Data to process:
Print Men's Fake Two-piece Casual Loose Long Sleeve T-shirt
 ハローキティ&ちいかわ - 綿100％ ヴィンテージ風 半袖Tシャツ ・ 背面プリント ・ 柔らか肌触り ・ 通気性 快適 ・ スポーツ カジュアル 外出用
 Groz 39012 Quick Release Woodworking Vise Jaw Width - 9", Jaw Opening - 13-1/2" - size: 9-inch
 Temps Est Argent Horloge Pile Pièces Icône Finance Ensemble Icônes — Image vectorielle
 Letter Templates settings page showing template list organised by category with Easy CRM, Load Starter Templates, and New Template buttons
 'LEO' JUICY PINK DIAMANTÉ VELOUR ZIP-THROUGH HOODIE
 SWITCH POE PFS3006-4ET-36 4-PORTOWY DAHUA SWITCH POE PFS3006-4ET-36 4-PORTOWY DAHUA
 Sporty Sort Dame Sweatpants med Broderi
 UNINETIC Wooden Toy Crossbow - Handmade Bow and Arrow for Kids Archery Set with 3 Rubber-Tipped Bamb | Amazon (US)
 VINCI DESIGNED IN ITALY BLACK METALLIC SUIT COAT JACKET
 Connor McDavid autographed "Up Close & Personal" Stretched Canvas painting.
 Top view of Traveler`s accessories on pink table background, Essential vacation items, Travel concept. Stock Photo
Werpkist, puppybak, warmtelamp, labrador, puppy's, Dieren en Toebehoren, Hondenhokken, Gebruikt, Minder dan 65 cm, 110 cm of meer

Exercise:
Make an exact copy of every entry.

Output:
Print Men's Fake Two-piece Casual Loose Long Sleeve T-shirt
 ハローキティ&ちいかわ - 綿100％ ヴィンテージ風 半袖Tシャツ ・ 背面プリント ・ 柔らか肌触り ・ 通気性 快適 ・ スポーツ カジュアル 外出用
 Groz 39012 Quick Release Woodworking Vise Jaw Width - 9", Jaw Opening - 13-1/2" - size: 9-inch
 Temps Est Argent Horloge Pile Pièces Icône Finance Ensemble Icônes — Image vectorielle
 Letter Templates settings page showing template list organised by category with Easy CRM, Load Starter Templates, and New Template buttons
 'LEO' JUICY PINK DIAMANTÉ VELOUR ZIP-THROUGH HOODIE
 SWITCH POE PFS3006-4ET-36 4-PORTOWY DAHUA SWITCH POE PFS3006-4ET-36 4-PORTOWY DAHUA
 Sporty Sort Dame Sweatpants med Broderi
 UNINETIC Wooden Toy Crossbow - Handmade Bow and Arrow for Kids Archery Set with 3 Rubber-Tipped Bamb | Amazon (US)
 VINCI DESIGNED IN ITALY BLACK METALLIC SUIT COAT JACKET
 Connor McDavid autographed "Up Close & Personal" Stretched Canvas painting.
 Top view of Traveler`s accessories on pink table background, Essential vacation items, Travel concept. Stock Photo
Werpkist, puppybak, warmtelamp, labrador, puppy's, Dieren en Toebehoren, Hondenhokken, Gebruikt, Minder dan 65 cm, 110 cm of meer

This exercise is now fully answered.